For this exercise, transcribe every line of the material exactly and skip the pictures.

- _Information shown_
_ _ _ _

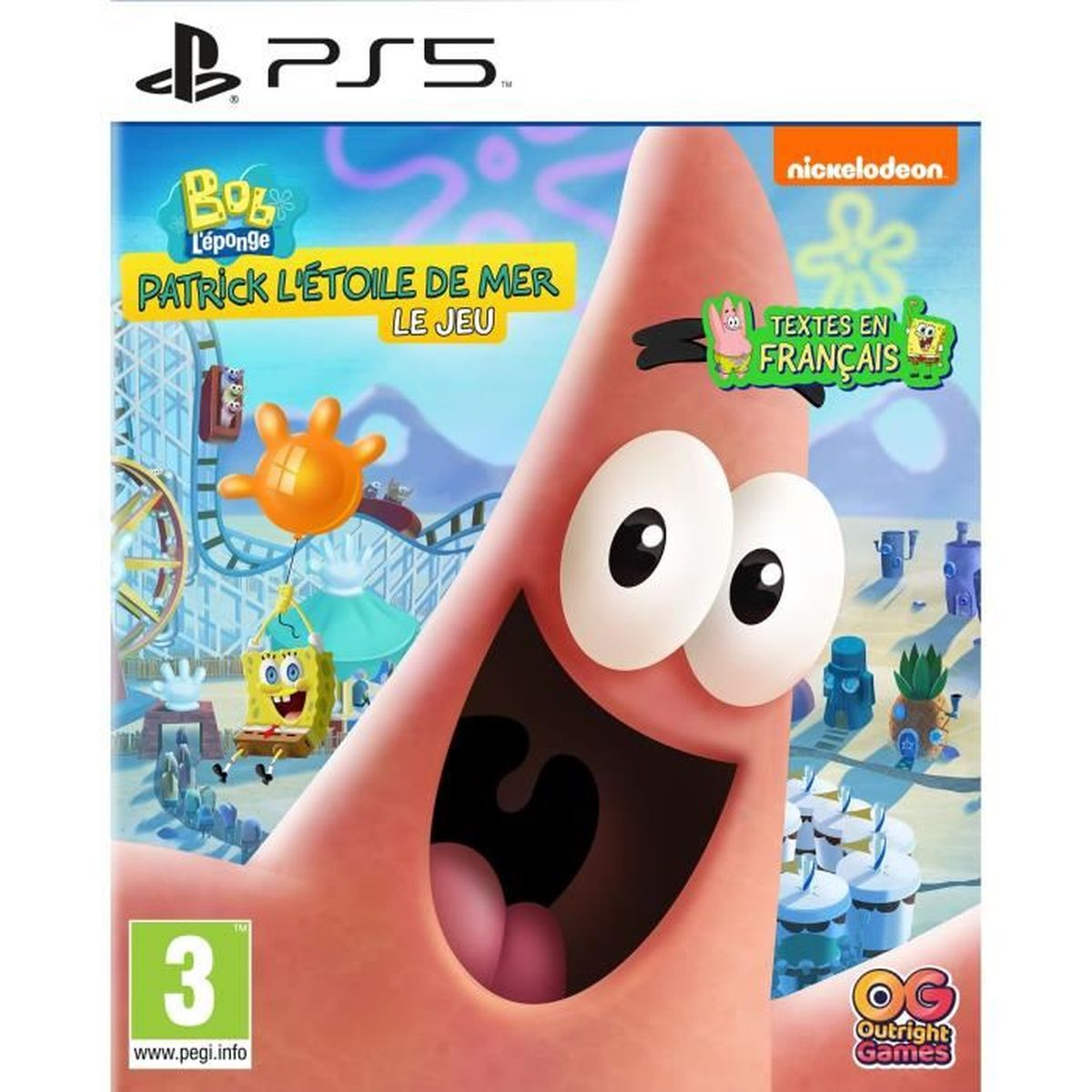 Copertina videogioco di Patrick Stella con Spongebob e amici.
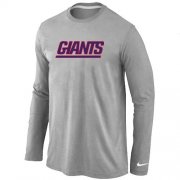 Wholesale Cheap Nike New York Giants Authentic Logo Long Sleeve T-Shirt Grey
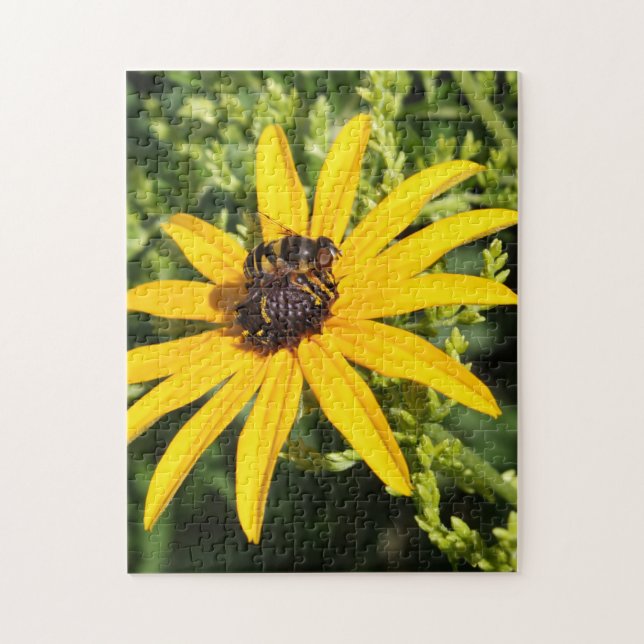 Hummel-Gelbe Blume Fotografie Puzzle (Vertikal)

_ _ _ _

- _Answer space_
 Copertina videogioco di Patrick Stella con Spongebob e amici.
 Wholesale Cheap Nike New York Giants Authentic Logo Long Sleeve T-Shirt Grey
 Hummel-Gelbe Blume Fotografie Puzzle (Vertikal)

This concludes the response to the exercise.